# 🧠 Bag of Words - Understanding & Implementation

## 📌 Introduction
**Yufeng Guo**: Natural language has many challenges that separate it from other data types like images and structured data. It requires a slightly different approach.

Today, we'll explore a foundational concept in natural language processing (NLP) called **Bag of Words (BoW)**. What does it mean? How do we use it to process text? Let's find out! 🚀

## 🗣️ Natural Language & Challenges
Natural language is unique because it has an inherent structure while also being free-form:

- There are many ways to say the same thing.
- Similar words can have different meanings based on context.
- Unlike images (which are naturally represented as matrices), words need to be converted into numerical representations for machine learning models.

## 📊 Transforming Text into Data
In machine learning, data is often represented as **matrices or tensors**:

- **Images**: Naturally represented as matrices.
- **Structured Data**: Spreadsheet values map directly to input matrices.
- **Natural Language**: Needs transformation into numerical form to be usable.

## 🎒 What is Bag of Words (BoW)?
BoW is a method for representing text data numerically. Here's how it works:

1. We create a **vocabulary** (list of unique words from the dataset).
2. Each sentence is represented as a **vector** based on this vocabulary.
3. The position of a word in the vector corresponds to its index in the vocabulary.
4. If a word appears in a sentence, we set the corresponding index in the vector to **1** (or a frequency count).
5. The order of words in the sentence **does not matter**, only their presence or absence.

### 🔍 Example
Let's say our vocabulary consists of 10 words: `['dataframe', 'layer', 'series', 'graph', 'column', 'plot', 'color', 'axes', 'read_csv',  'activation']`

![Screenshot (9806).png](attachment:b36e0c89-72dd-467f-95b7-bb64f174998b.png)

For the sentence: **"how to plot dataframe bar graph"**
- Recognized words: **plot, dataframe, graph**
- Ignored words: **how, to, bar** (not in vocabulary)
- The resulting vector: `[1, 0, 0, 1, 0, 1, 0, 0, 0, 0]`

This representation is called a **bag of words** because it treats words as if they were thrown into a bag without considering their order.

## 🏷️ Preprocessing Labels
Just like the input data, labels also need to be transformed into numerical format:

- If a sentence has multiple labels, we use a **multi-label encoding**.
- A label vector is created where **1** indicates presence of a label and **0** means absence.
- Example: `[1, 0, 1]` (where multiple labels can be true at the same time).

![Screenshot (9807).png](attachment:4b421d30-3a34-45f9-82e4-3556fca6a7f9.png)

## 🤖 Inputs to Predictions
Once both the **inputs (sentences)** and **outputs (labels)** are converted into numerical format, machine learning models can map one set of numbers to another.
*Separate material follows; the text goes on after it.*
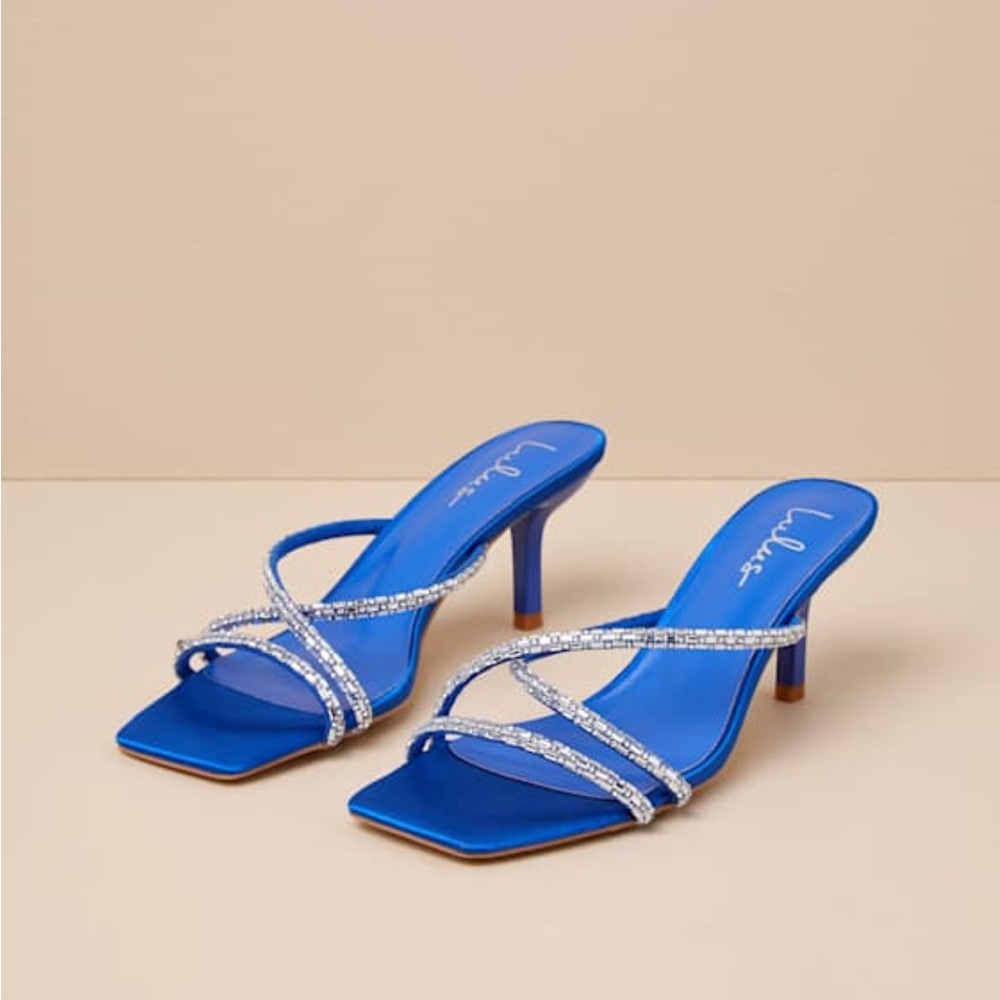 Lulus Satin Rhinestone High Heel Sandals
![Screenshot (9808).png](attachment:b4dcda1c-b1f0-4f55-8e18-a2bab0302163.png)

All the complexity is handled in the **preprocessing stage**, where text is transformed into numerical representations.

## 🏗️ Implementing Bag of Words with Keras
Keras provides a **Tokenizer** class that simplifies the BoW process:

1. Define the **vocabulary size** (e.g., 400 most common words).
2. Fit the tokenizer on the training data.
3. Convert sentences into numerical representations based on the learned vocabulary.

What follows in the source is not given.